Quando retornou ao Cariri em 2017, após quase 10 anos longe, encontrou uma Universidade que aposta no ensino, na pesquisa e na extensão em cultura. Não para menos, a UFCA foi a segunda Universidade no país a ter uma pró-reitoria específica de Cultura, instalada em 2013, e uma das poucas a “curricularizar” este campo.
Certeira, Sally viu a oportunidade para divulgar a literatura ao mesmo tempo em que promove saúde e conscientização. Sem arrodeio, explica a ideia: “o objetivo principal seria utilizar o cordel como uma ferramenta de educação e prevenção em saúde”. Driblando críticas de colegas academicistas, conquistou o coração de alunos que se uniram ao projeto em 2017. Atualmente, um bolsista e cinco voluntários integram a equipe.
À lá Paulo Freire, defende a adaptação do conteúdo ao meio comunitário para uma comunicação eficiente. “Não adianta chegar com termos técnicos tentando explicar para o paciente a complexidade da sua doença.
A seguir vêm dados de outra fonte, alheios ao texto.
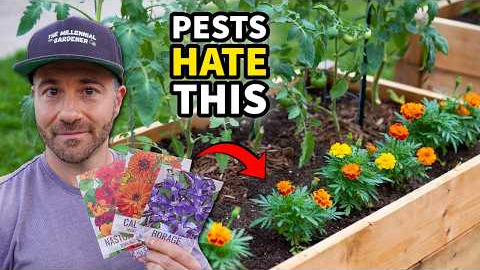These Powerful Plants STOP Garden Pests Without Harsh Chemicals!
O melhor é usar a mesma linguagem dele. Uma linguagem ‘amatutada’, simples e coloquial, para que ele se encontre naquele texto”, resume.
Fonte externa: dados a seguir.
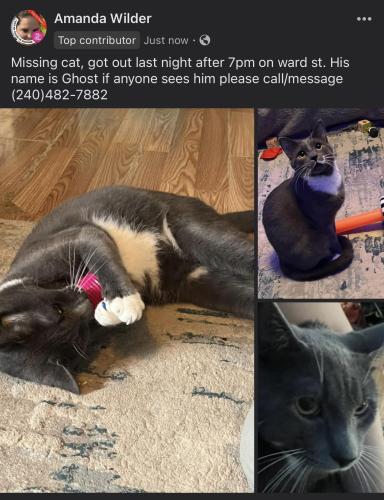 Lost Male Cat last seen Greenhill st, Laurel, MD 20707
Na prática, a equipe estuda o assunto escolhido para aquele mês e, a partir de oficinas de texto, treinam rima e métrica, e constroem suas próprias narrativas. Desafiando-se nas sextilhas e décimas, modelam assuntos e, através da poesia, os transformam em histórias interessantes e cômicas, sem perder o caráter educativo.
No projeto desde 2017, o estudante Pedro Wallison Gomes, 19, já havia se aventurado com cordéis ainda na infância. Agora, reencontrou sua memória afetiva e se reconectou com as palavras e com esta arte tão nordestina. “Acho que hoje sou muito mais presente nesse meio do que era antes”, revela. “Normalmente quando as pessoas vão crescendo, vão deixando para trás o que mais gostavam na infância. Mas quando cheguei na faculdade, chocou de ter um projeto sobre isso e reafirmou tudo”.
A divulgação é o momento favorito do time: lendo em voz alta, declamando como o cordel exige, transformando, mesmo que seja por alguns minutos, a atmosfera pesada das unidades de saúde e ambulatórios em momentos de leveza e educação.
Pedro Wallison explica que a adesão do público através da declamação é maior. “Se eles estão ali (nas unidades de saúde) é porque estão precisando de um médico, já estão com um problema de saúde, estão apreensivos com um resultado”, diz. “Quando chegamos com o cordel, todo mundo já se interessa, escuta, ri com as coisas engraçadas e no final quer comentar”, admira-se.
E assim como o cordel tradicional -- secular e histórico -- trabalhou para aproximar a poesia do povo, aqui ele funciona em via de mão dupla: aproximando a informação da comunidade e o futuro médico da literatura.